# Regularization example with IRIS dataset

## Model validation on the Iris dataset

### Intentions

We will implement validation, regularisation and callbacks on IRIS dataset

In [None]:
from numpy.random import seed
seed(8)
import tensorflow as tf
import numpy as np
import matplotlib.pyplot as plt
from sklearn import datasets, model_selection 
%matplotlib inline

from tensorflow.keras.models import Sequential
from tensorflow.keras.layers import Dense
from sklearn.model_selection import train_test_split
from tensorflow.keras import initializers

IRIS pictures here..

#### The Iris dataset

In this assignment, you will use the [Iris dataset](https://scikit-learn.org/stable/auto_examples/datasets/plot_iris_dataset.html). It consists of 50 samples from each of three species of Iris (Iris setosa, Iris virginica and Iris versicolor). Four features were measured from each sample: the length and the width of the sepals and petals, in centimeters.

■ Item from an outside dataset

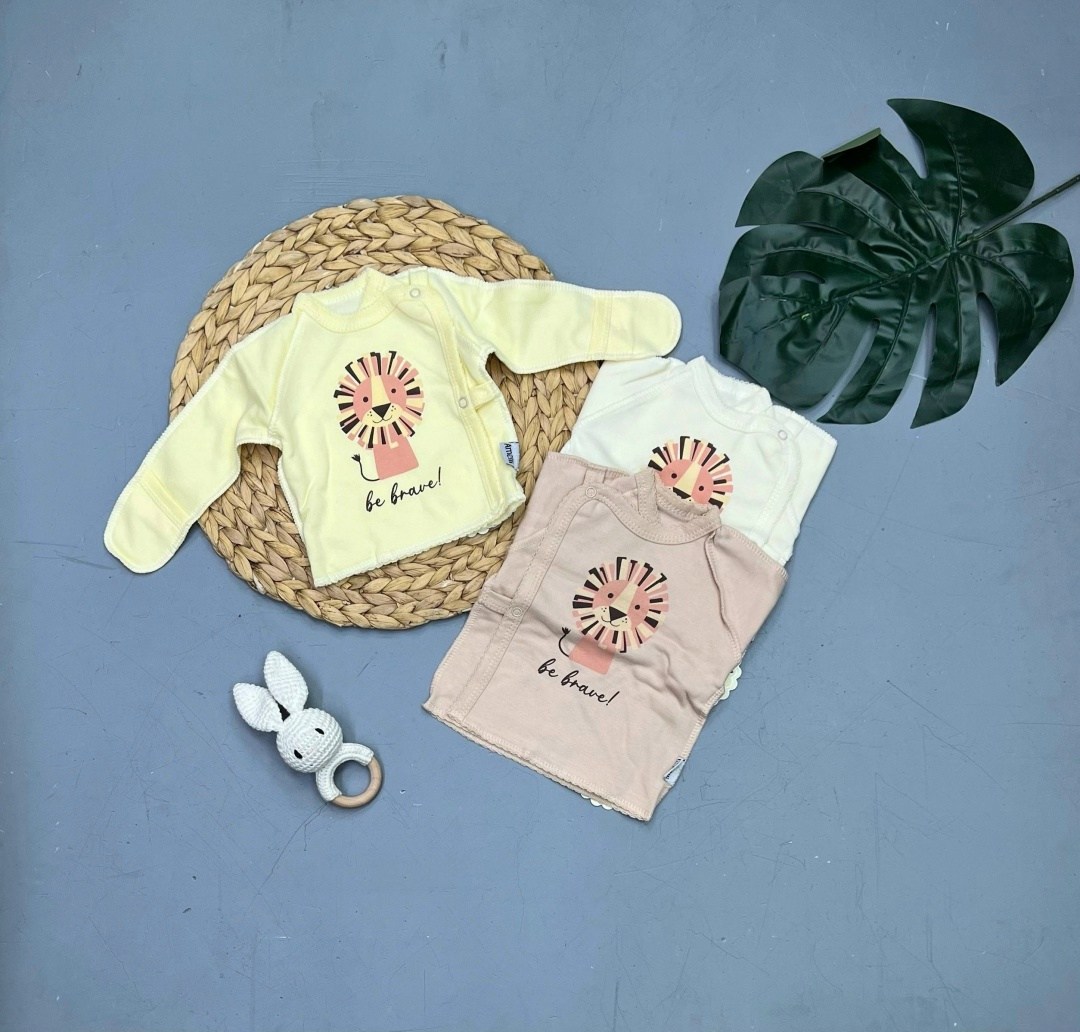 одежда для новорожденных распашонки,распашонка для новорожденного,распашонка для новорожденной,распашонка для малышей,распашонки для новорожденных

For a reference, see the following papers:

- R. A. Fisher. "The use of multiple measurements in taxonomic problems". Annals of Eugenics. 7 (2): 179–188, 1936.

Our goal is to showcase a neural network that classifies each sample into the correct class, as well as applying validation and regularisation techniques.

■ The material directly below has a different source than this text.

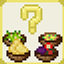 Just Enough HarvestCraft (JEHC) avatar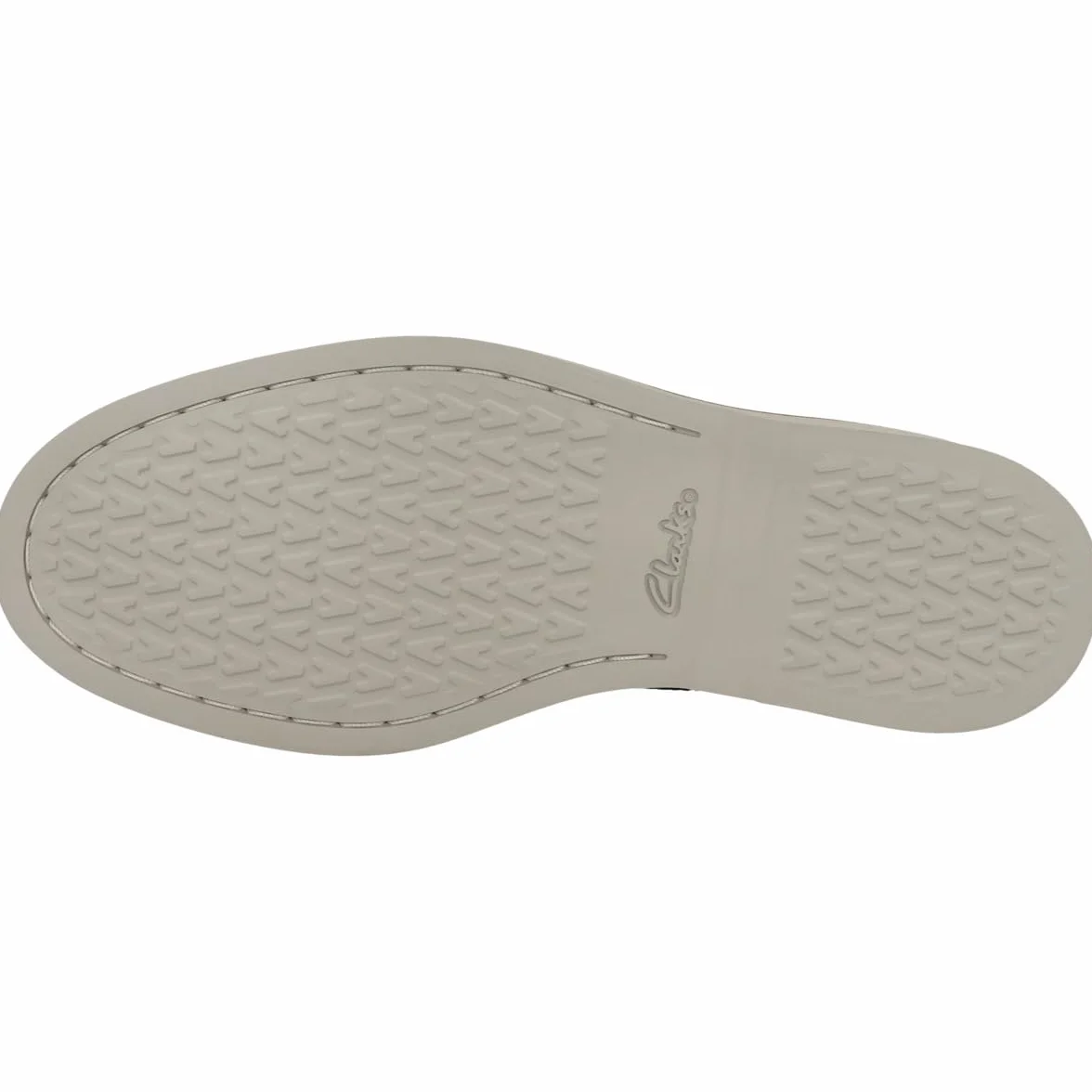 Clarks Mężczyźni 261720707Oksford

#### Load and preprocess the data

First read in the Iris dataset using `datasets.load_iris()`, and split the dataset into training and test sets.

In [None]:
def read_in_and_split_data(iris_data):
    targets = iris_data.target
    data = iris_data.data
    
    train_data, test_data, train_targets, test_targets = train_test_split(data, targets, test_size=0.1)
    return train_data, test_data, train_targets, test_targets

In [None]:
iris_data = datasets.load_iris()
train_data, test_data, train_targets, test_targets = read_in_and_split_data(iris_data)

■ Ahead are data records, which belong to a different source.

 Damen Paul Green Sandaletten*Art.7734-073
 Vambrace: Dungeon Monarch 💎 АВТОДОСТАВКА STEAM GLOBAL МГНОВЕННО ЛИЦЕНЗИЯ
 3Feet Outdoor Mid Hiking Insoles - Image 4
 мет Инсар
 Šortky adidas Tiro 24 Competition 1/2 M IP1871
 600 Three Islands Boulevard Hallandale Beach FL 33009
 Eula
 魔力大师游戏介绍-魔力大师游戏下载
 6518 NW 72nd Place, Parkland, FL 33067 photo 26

We will now convert the training and test targets using a one hot encoder.

In [None]:
train_targets = tf.keras.utils.to_categorical(np.array(train_targets))
test_targets = tf.keras.utils.to_categorical(np.array(test_targets))

#### Build the neural network model


In [None]:
def get_model(input_shape):
    model=tf.keras.Sequential([
        Dense(64, activation='relu', input_shape=(input_shape),
             kernel_initializer=tf.keras.initializers.he_uniform(),######SHOULD we use the seed as defined above?
             bias_initializer=initializers.Ones()),
        Dense(128,activation='relu'),
        Dense(128,activation='relu'),
        Dense(128,activation='relu'),
        Dense(128,activation='relu'),
        
        Dense(64, activation='relu'),
        Dense(64, activation='relu'),
        Dense(64, activation='relu'),
        Dense(64, activation='relu'),
        
        Dense(3, activation='softmax')
    ])
    return model

In [None]:
model = get_model(train_data[0].shape)
print(model.summary())

#### Compile the model


In [None]:
def compile_model(model):
    return model.compile(loss='mse', optimizer="adam", metrics=["mse","mae","accuracy"])

In [None]:
compile_model(model)

#### Fit the model to the training data

In [None]:
def train_model(model, train_data, train_targets, epochs):
    history = model.fit( train_data, train_targets, epochs=epochs, batch_size=40, validation_split=0.40)
    return history    

In [None]:
history = train_model(model, train_data, train_targets, epochs=800)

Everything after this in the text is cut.